Особенно тяжело было идти первые несколько дней: температура упала до –30° С. Поперечные заструги (узкие, вытянутые по ветру ледяные гребни), покрытые, как шипами, ледяными кристаллами, не давали путешественникам возможности развить нужную скорость. Сани не скользили, и приходилось тащить их волоком. «Теперь мы делаем немного больше 1/4 мили в час, и это результат больших усилий», – записал Скотт в своем дневнике. Отчаяние путешественников уже сквозило во всем.

9 января они преодолели широту, до которой дошел Шеклтон и дальше которой, как им хотелось верить, еще никто не заходил. Для того чтобы двигаться вперед, приходилось прилагать все больше усилий: «Ужасно тяжело идти... как видно, чтобы дойти туда и оттуда, потребуется отчаянное напряжение сил... До полюса около 74 миль. Выдержим ли мы еще 7 дней? Изводимся вконец. Из нас никто никогда не испытывал такой каторги». Через 4 дня, 13 января, они достигли широты 89° 9'. До полюса оставалась еще 51 миля. «Если и не дойдем, то будем чертовски близко от него», – успокаивал себя Скотт.

И все же им удалось преодолеть эти мили и достигнуть Южного полюса. Но там их ожидало жестокое разочарование. Случилось то, о чем, не переставая, думал Скотт все последние дни: Руаль Амундсен пришел первым. Когда до заветной цели оставалось всего несколько километров, участники экспедиции заметили впереди черную точку, которая оказалась черным флагом. В дневнике капитана появилась следующая надпись: «...разглядели черную точку впереди... [оказавшуюся] черным флагом, привязанным к полозу от саней. Тут же поблизости были видны остатки лагеря... Норвежцы нас опередили. Они первыми достигли полюса. Ужасное разочарование!».

18 января британцы нашли палатку. В ней валялись брошенные инструменты и три мешка с «беспорядочной коллекцией рукавиц и носков». Кроме того, в ней было найдено письмо на имя капитана Роберта Скотта, которое ему оставил Амундсен. Оно начиналось так: «Поскольку вы, вероятно, будете первыми, кто побывает в этом районе после нас…» – и содержало просьбу передать письмо норвежскому королю в том случае, если отряд Амундсена не сможет достичь побережья.

Торжество полярников было омрачено.

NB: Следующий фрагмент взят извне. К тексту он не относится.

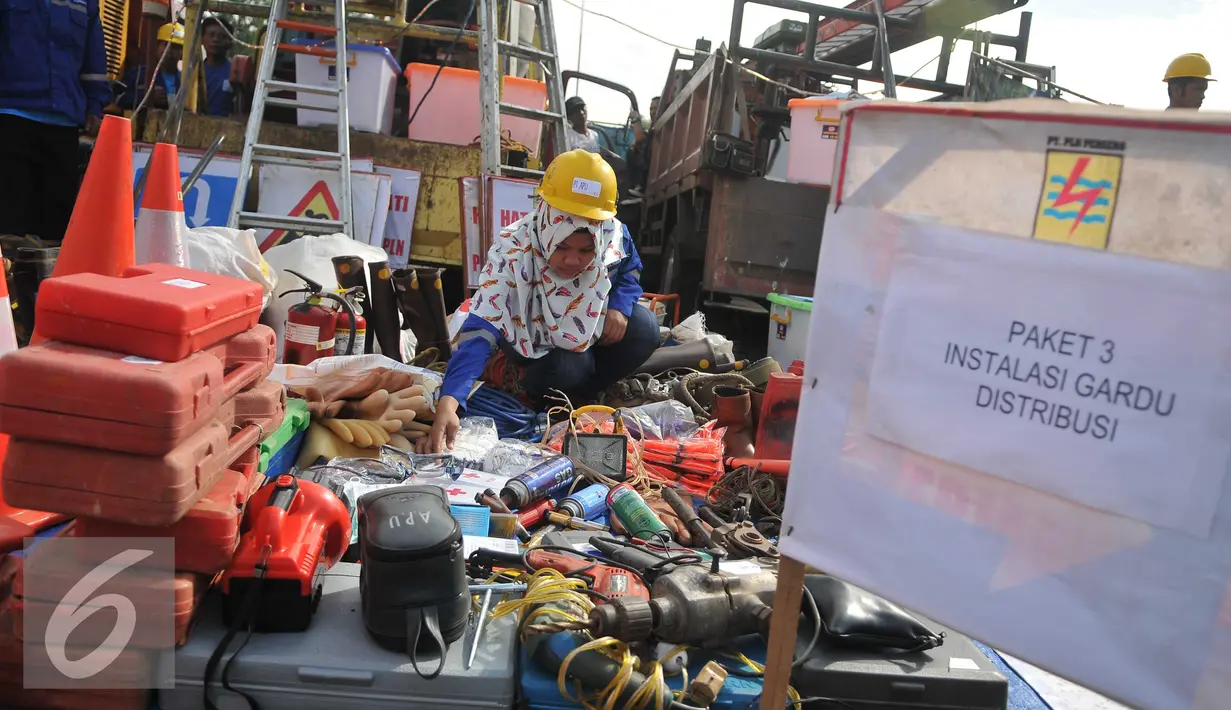 Petugas PLN memeriksa peralatan kerja di Pacuan Kuda Pulomas, Jakarta (27/4). Jenis pekerjaan mitra PLN terdiri dari Pekerjaan JTM, JTR, Instalasi Gardu, serta Sambungan Rumah dan Alat Pembatas dan Alat Pengukur (SR-APP). (Liputan6.com/Gempur M Surya)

Но все же они установили на Южном полюсе британский флаг и сфотографировались на его фоне. Они также сфотографировали и зарисовали палатку Амундсена. Затем был праздничный обед: «К нашему обычному меню мы прибавили по палочке шоколада и по папиросе». Отдохнув, они пустились в обратный путь.

Теперь тоска и отчаяние уже ни на секунду не отпускали Скотта. Им предстояло преодолеть 1500 километров. Смогут ли они дойти? Каждый день в дневнике капитана появлялись все новые тревожные записи: «Ужасное разочарование! Мне больно за моих верных товарищей», – записал он вскоре после того, как они достигли полюса.

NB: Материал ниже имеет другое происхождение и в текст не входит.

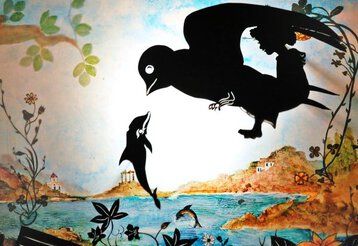 Scherenschnitt eines Vogels und eines Delfins vor der Kulisse eines Insel im Meer.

Через несколько дней во время дневной стоянки он записал: «Великий Боже! Это страшное место, а нам и без того ужасно сознавать, что труды наши не увенчались завоеванием первенства. Не знаю, выдержим ли мы борьбу». Почти в каждой записи присутствует слово «ужасный».

Путешественники устали и двигались вперед очень медленно. Пейзаж действовал на них угнетающе: снег почему-то был не блестящим, а серо-матовым. То один, то другой член отряда жаловался на недомогание. Уилсон, как и во время первой экспедиции, страдал от снежной слепоты. Отс постоянно говорил о том, что у него мерзнут ноги.

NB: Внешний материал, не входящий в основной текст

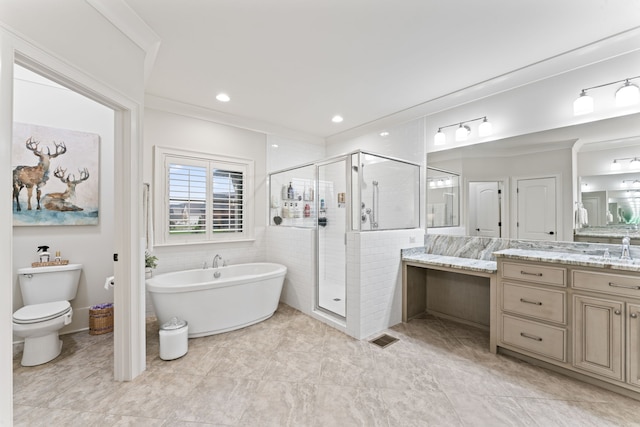 full bathroom featuring independent shower and bath, toilet, tile patterned floors, vanity, and crown molding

Но тяжелее остальных переносил переход Эванс. Скотт выбрал его потому, что из всех восьмерых он был самым высоким, крепким и выносливым. Однако именно он сломался раньше всех. Еще до того, как они достигли полюса, Эванс сильно порезал руку, и она никак не заживала. Пальцы руки у него были обморожены, а на обратном пути он отморозил нос. Он шел все медленнее, постоянно бормотал что-то непонятное, жаловался на недомогание. А через несколько дней он подошел к Скотту и спросил: «Почему нас шестеро? Откуда взялся шестой человек?». У Эванса начались галлюцинации.

Но, несмотря ни на что, Скотт не позволял людям отдыхать, заставляя их шагать вперед по 12 часов в день. Он знал, что только так у них еще остается шанс спастись. К тому же продукты у них кончились, так как, продвигаясь к полюсу, они оставляли по дороге склады с припасами. Припасов на одном складе едва хватало для того, чтобы дойти до следующего. День промедления – и они останутся в бескрайней ледяной пустыне навсегда…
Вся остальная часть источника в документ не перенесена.